Le religiose, Sorelle Servidoras del Señor y de la Virgen de Matará, si propongono di “evangelizzare le culture” e tenere viva la fede nei territori in cui sono inviate come “missionarie”. Secondo le parole di san Giovanni Paolo II, i cui insegnamenti sono tra le principali fonti ispiratrici della loro famiglia religiosa, l’evangelizzazione presuppone una “fede inculturata”, cioè un annuncio di Gesù “innestato” nelle speranze e nella linfa vitale dei popoli.
Il termine “innesto” è quello usato dal Concilio Plenario Sardo, timoroso di utilizzare nel 2001 il termine “inculturazione”, che già nel 1979 san Giovanni Paolo II aveva usato per la prima volta in un documento della Chiesa. Forse un certo timore resta ancora nel nostro territorio, nonostante le insistenze di papa Francesco sulla fede espressa in lingua materna, e nonostante il suo recente documento che delega ai vescovi locali l’approvazione delle traduzioni liturgiche.
“Ma a cosa serve tradurre la bibbia in sardo?”, si sente spesso dire. La risposta è che serve a Dio, e gli serve per noi. Perché finché Dio non parla anche la nostra lingua, non ha ancora detto tutto in tutti i toni. Lo potrà confermare chi ascolterà o canterà in sardo i testi tradizionali, rimasti in latino nella memoria di molti, ma anche alcuni canti nuovi, composti da Piero Marras su parole di Mario Puddu.
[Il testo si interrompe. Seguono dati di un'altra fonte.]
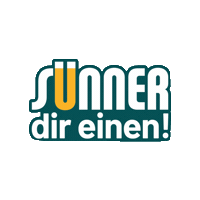 suenner saufen kolsch sunner suenner Sticker
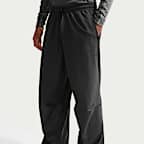 Nike Tech Men's Dri-FIT Shori-Knit Trousers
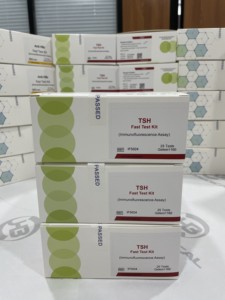Getein Test kiti immünofloresan testi Getein 1100 1160 1180 teşhis çözümü için orijinal Test reaktifleri gemiye hazır - Product Image 4
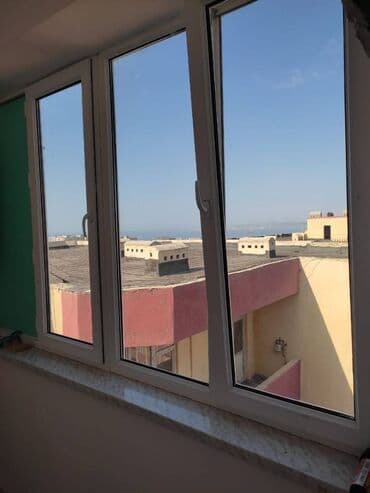 ehmedlide kiraye evler 3 otaqli: 3 otaqlı, Yeni tikili, 78 kv. m — 8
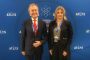 La ARN participó en el Foro Internacional de Alto Nivel sobre el lanzamiento de ATLAS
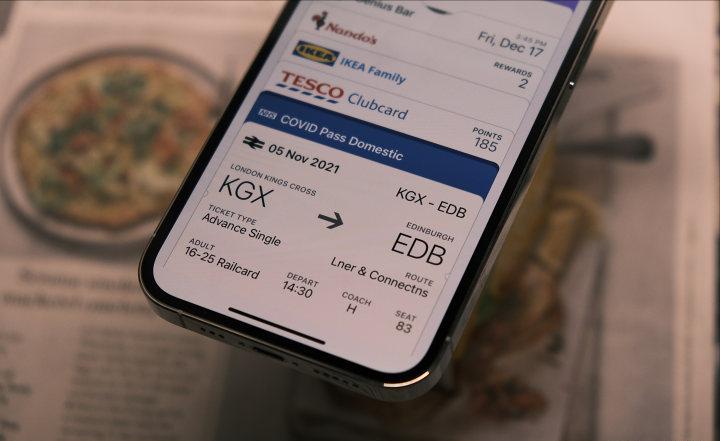 iphone13pro十天体验,iphone13pro最新体验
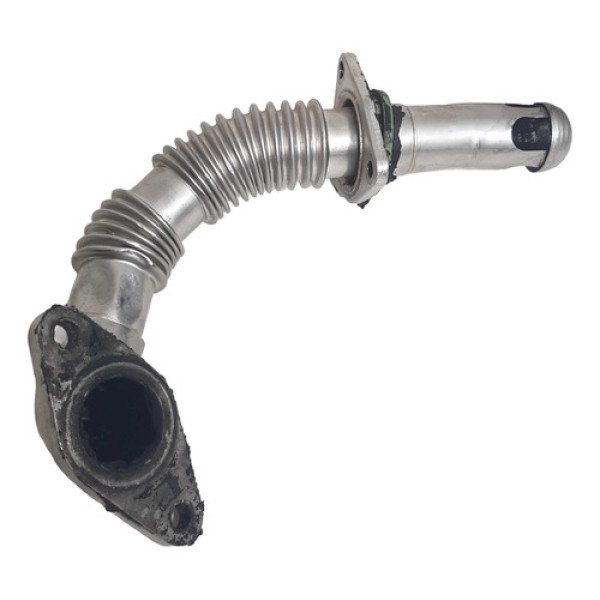 Cano Tubo Da Válvula Egr Ducato Boxer Jumper 2.3 Multijet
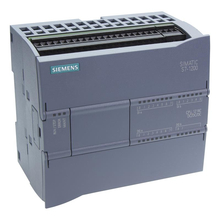 Lo SpA di due anni della garanzia di 6ES7 222-1XF32-0XB0 elettrico con 50/60Hz ha introdotto l'interfaccia di comunicazione di frequenza RS232/RS485/CAN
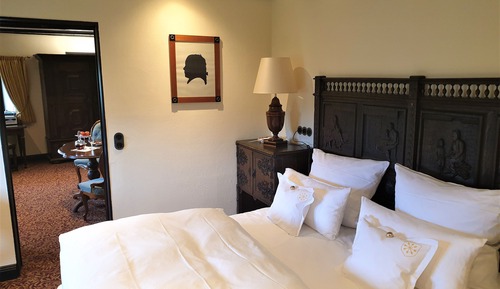 Suite Deluxe (Adults Only)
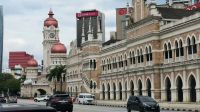 Kuala Lumpur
Quest’anno, le circostanze imporranno delle restrizioni sul numero dei partecipanti (limitato a 32 dalle regole di distanza), e per i momenti di canto. Ma non potrà mancare il canto del Babbu nostru, composto da Piero Marras sul tema del Pater Noster gregoriano, che rispetta le parole liturgiche e include il canto dell’embolismo (Libberanos dae male) e l’acclamazione “A tie su regnu e sa glória semper in eternu”.
L’invito è quindi di partecipare a uno scambio di esperienza e di annuncio di fede con le Sorelle Servidoras, “venute” anch’esse, come il Signore, a visitarci nella nostra terra, costruendo con loro una comunità capace di celebrare, in tutte le lingue, le lodi del Signore, nell’unica Famiglia del Verbo Incarnato, che è anche il titolo della loro grande famiglia religiosa.